NASDAQ believes that the proposed compliance plan review fee is appropriate because companies often have the ability to foresee non-compliance with these listing requirements and take appropriate action before becoming non-compliant. In addition, companies have a period of time, generally either 45 or 60 days, before they must submit a plan to regain compliance [7] and, if a company achieves compliance during this time, it would not be required to submit a plan or pay the proposed compliance plan review fee. When a company does become non-compliant and cannot cure the deficiency before the plan is due, NASDAQ's experience is that the company's plan often requires detailed analysis by staff to determine whether the plan can enable the company to regain compliance in the near term.[8] Depending on the underlying listing requirement, NASDAQ staff may also need to expend time discussing the viability of the plan with the company's outside auditor and advisors and/or reviewing transactional documents.

NASDAQ does not propose to impose the compliance plan review fee on plans to regain compliance with deficiencies from board of director and board committee requirements where the company is not eligible for a cure period, as described in Rule 5810(c)(2)(A)(iii) [sic]. NASDAQ's experience is that these types of deficiencies often arise unexpectedly from events outside the control of the company, such as the death or resignation of a director. Further, NASDAQ has observed that the plans to regain compliance with these deficiencies are typically straight forward and do not require significant staff analysis. For example, a typical plan might describe the hiring of a director search firm or providing the resume of a director candidate who is concluding his or her own due diligence on the company before agreeing to join the board. As such, NASDAQ does not believe it is necessary to impose a plan review fee in these situations.

NASDAQ will implement this fee for plans submitted in response to deficiency notifications sent after October 15, 2013.

2. Statutory Basis

NASDAQ believes that the proposed rule change is consistent with the provisions of Section 6 of the Act,[9] in general and with Sections 6(b)(4) and (5) of the Act,[10] in particular, in that it provides for the equitable allocation of reasonable dues, fees, and other charges among its members, issuers and other persons using its facilities, and does not unfairly discriminate between customers, issuers, brokers or dealers.

NASDAQ believes that the proposed fees are reasonable because they will better reflect NASDAQ's costs in reviewing applications and compliance plans and help ensure adequate resources for NASDAQ's listing compliance program. In addition, NASDAQ believes that such fees are reasonable and that none of the proposed fees are unduly burdensome or would discourage any company from pursuing an application or submitting a plan of compliance, as applicable.

The proposed changes are equitable and not unfairly discriminatory because they would apply equally to all similarly situated companies. In addition, aligning NASDAQ's fees with the costs incurred for specific actions will help minimize the extent that companies that do not utilize the application process, or which are compliant with all listing standards, may subsidize the costs of review for other companies. NASDAQ believes that excluding companies that submit a plan for a board or committee deficiency Start Printed Page 62728from the compliance plan review fee is not unfairly discriminatory because these plans are generally simpler and require fewer resources and less time to review.

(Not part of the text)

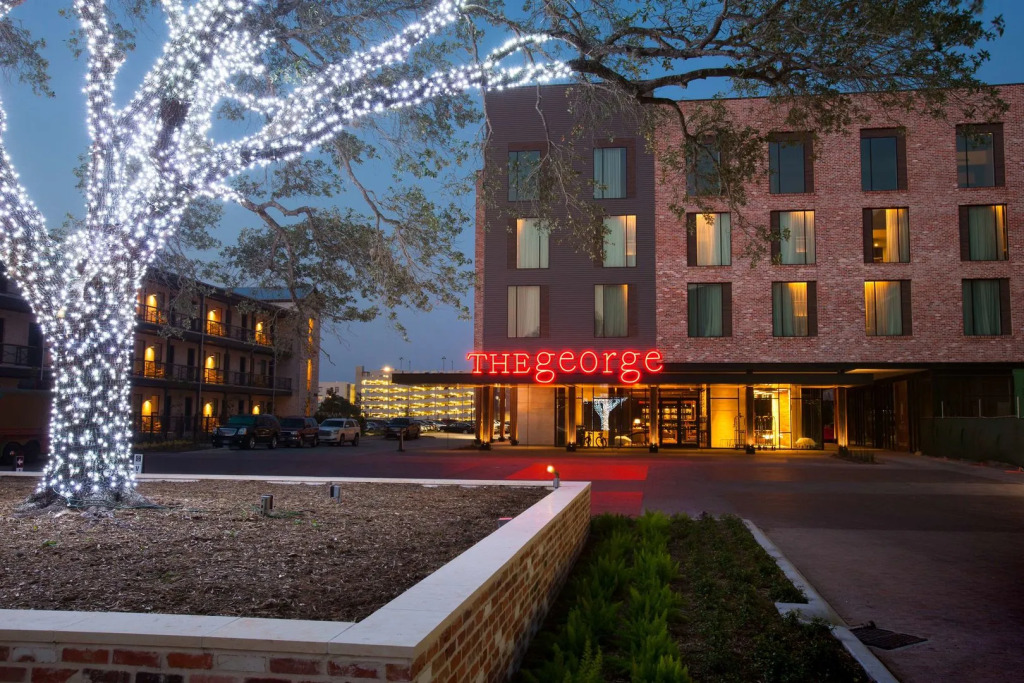 The George, by Valencia Hotel Collection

NASDAQ also believes that the proposed fees are consistent with the investor protection objectives of Section 6(b)(5) of the Act [11] in that they are designed to promote just and equitable principles of trade, to remove impediments to a free and open market and national market systems, and in general to protect investors and the public interest. Specifically, the fees are designed to ensure that there are adequate resources for NASDAQ's listing compliance program, which helps to assure that listing standards are properly enforced and investors are protected.

B. Self-Regulatory Organization's Statement on Burden on Competition

NASDAQ does not believe that the proposed rule change will result in any burden on competition that is not necessary or appropriate in furtherance of the purposes of the Act, as amended. The market for listing services is extremely competitive and listed companies may freely choose alternative venues based on the aggregate fees assessed, and the value provided by each listing. This rule proposal does not burden competition with other listing venues, which are similarly free to align their fees on the costs incurred by the process they offer. For these reasons, NASDAQ does not believe that the proposed rule change will result in any burden on competition for listings.

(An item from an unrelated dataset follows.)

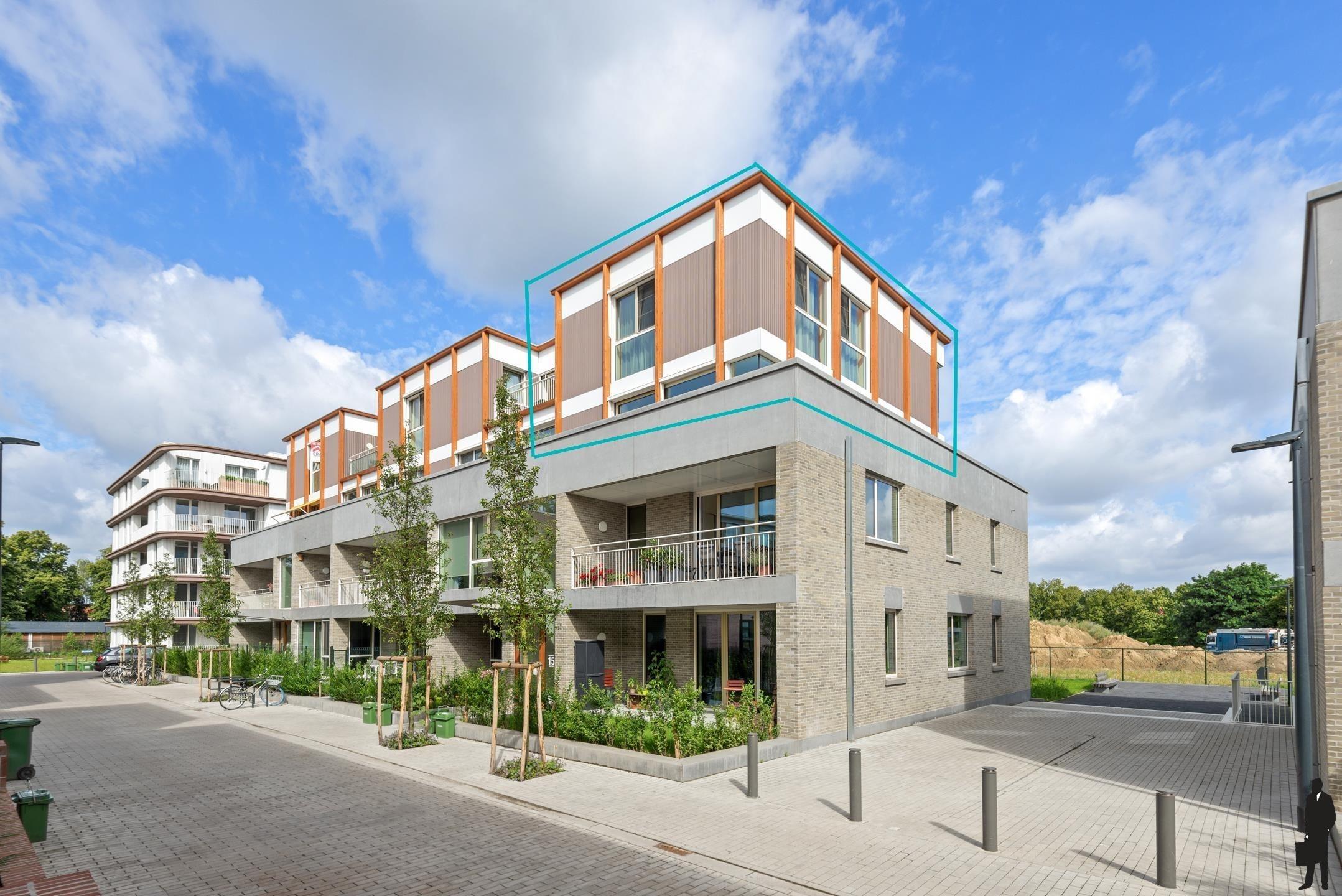 Fantastische duplex met 3 slaapkamers en ruim zonneterras foto {{pictureIndex}}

C. Self-Regulatory Organization's Statement on Comments on the Proposed Rule Change Received From Members, Participants, or Others

No written comments were either solicited or received.

III. Date of Effectiveness of the Proposed Rule Change and Timing for Commission Action

The foregoing rule change has become effective pursuant to Section 19(b)(3)(A) of the Act [12] and paragraph (f) of Rule 19b-4 thereunder.[13] At any time within 60 days of the filing of the proposed rule change, the Commission summarily may temporarily suspend such rule change if it appears to the Commission that such action is necessary or appropriate in the public interest, for the protection of investors, or otherwise in furtherance of the purposes of the Act.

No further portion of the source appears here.